O trabalho mostra o contrário”, explica a diretora. Nas caixas, objetos que as crianças conseguiram salvar da lama. Muitas não tiveram tempo de pegar nada quando fugiam do mar de lama, e as recordações foram retratadas em desenhos.

Uma cama de solteira foi exposta no Centro de Convenções. Ele recebeu uma colcha de retalhos e em cada retalho uma criança fez um desenho simbolizando a sua parte na história do antigo povoado. A professora de inglês organizou um álbum de figurinhas com as crianças, mostrando fotos do antigo Bento, história contada em português e em inglês. São fotos da Igreja de São Bento, que ficava na praça principal e que foi destruída, casas e o antigo Restaurante da Sandra, famoso pela sua coxinha de frango.

Um painel com o sobrenome de todas as famílias de Bento Rodrigues também foi exposto. Em volta, marcas de mãos feitas com as crianças simbolizando a lama. Em outro canto, um varal com fotos que foram resgatadas depois da tragédia mostrando como era a vida das crianças na escola. No cantinho “Cantar Bento é o nosso talento”, a criançada relembrou músicas que cantavam na escola. O sábado foi especial para elas, pois o CD que gravaram ficou pronto e cada uma recebeu o seu.
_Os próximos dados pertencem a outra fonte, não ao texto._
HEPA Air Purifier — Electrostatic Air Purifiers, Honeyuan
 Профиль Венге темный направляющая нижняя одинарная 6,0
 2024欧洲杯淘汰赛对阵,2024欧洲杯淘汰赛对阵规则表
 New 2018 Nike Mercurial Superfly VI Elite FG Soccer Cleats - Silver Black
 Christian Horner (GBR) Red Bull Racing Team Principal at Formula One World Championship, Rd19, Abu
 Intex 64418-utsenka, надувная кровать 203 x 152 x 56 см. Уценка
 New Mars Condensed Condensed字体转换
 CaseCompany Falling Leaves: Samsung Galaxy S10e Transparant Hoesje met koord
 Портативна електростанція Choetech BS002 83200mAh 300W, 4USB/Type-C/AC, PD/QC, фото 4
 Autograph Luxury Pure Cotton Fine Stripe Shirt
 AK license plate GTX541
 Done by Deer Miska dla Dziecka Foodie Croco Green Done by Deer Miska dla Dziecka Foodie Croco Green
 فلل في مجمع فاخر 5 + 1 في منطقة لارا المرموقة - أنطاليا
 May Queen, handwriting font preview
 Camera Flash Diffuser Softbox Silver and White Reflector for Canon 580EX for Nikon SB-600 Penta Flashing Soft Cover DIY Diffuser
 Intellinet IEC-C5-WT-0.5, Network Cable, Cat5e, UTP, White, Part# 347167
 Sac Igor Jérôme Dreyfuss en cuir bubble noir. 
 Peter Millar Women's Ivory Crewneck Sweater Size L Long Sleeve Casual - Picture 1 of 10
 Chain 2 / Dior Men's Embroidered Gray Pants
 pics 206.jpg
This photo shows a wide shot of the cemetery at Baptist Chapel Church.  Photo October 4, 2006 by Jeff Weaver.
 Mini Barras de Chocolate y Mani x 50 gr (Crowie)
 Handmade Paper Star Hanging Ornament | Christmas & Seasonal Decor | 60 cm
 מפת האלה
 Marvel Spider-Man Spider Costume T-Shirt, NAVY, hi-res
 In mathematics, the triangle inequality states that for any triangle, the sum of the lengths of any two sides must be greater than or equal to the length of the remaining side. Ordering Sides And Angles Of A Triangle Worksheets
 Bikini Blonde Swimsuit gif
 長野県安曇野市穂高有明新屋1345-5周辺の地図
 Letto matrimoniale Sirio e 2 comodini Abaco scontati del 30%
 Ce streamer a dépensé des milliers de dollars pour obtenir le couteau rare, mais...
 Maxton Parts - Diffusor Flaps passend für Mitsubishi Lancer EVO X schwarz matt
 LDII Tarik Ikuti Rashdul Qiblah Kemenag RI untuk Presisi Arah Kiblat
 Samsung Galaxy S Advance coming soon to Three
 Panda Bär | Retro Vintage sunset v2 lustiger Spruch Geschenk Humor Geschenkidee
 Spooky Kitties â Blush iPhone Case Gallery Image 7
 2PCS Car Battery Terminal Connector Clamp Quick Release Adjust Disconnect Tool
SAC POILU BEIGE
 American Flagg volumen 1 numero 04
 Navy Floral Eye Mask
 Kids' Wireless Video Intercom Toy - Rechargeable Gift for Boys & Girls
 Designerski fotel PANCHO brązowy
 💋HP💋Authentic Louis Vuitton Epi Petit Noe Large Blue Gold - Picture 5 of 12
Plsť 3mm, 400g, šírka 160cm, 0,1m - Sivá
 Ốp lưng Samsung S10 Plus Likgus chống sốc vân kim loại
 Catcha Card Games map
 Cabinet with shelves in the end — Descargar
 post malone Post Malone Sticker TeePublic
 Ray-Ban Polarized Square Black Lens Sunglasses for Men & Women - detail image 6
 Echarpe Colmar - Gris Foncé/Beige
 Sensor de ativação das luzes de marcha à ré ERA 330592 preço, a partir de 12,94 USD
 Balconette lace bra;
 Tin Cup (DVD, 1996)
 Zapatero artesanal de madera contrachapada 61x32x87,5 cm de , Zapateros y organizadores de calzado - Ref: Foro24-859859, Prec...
As músicas escritas em cartazes ganharam ilustrações, bordados e outros adereços confeccionados pelos alunos.
Casinhas feitas com palitos de picolé ilustraram o cartaz com a música A casinha da vovó, que é “cercadinha de cipó”.


CARTAS
Várias mudas de plantas mostram como era a flora em Bento Rodrigues. Por lá, abacate-manteiga e a sibipiruna. Na entrada do evento, um mosaico com palavras que remetem ao Bento, como saudade e união. Um livro feito pela criançada contando a história do projeto, todo artesanal, também está exposto e busca parceria para ser publicado. Nos quadros, a escola foi a mais retratada pelas crianças. O artesanato de Bento também foi exposto. Trabalho de famílias inteiras que continuou sendo feito mesmo depois da destruição do lugar.

Cartas de crianças de vários estados brasileiros, enviadas em solidariedade aos alunos da escola, também são expostas. O time de futebol União São Bento não foi esquecido pela criançada. A camisa mais antiga do time resgatada da lama está exposta. Na barraquinha da história do Bento, textos e desenhos sobre a origem do lugarejo, com seus mais de 300 anos, mais antigo até que Mariana, quando os bandeirantes chegaram à região em busca do ouro.

As crianças fizeram ainda um calendário de 2017 com fotos do lugarejo, que agora só existe em suas lembranças, mas de um ano que ainda está para nascer.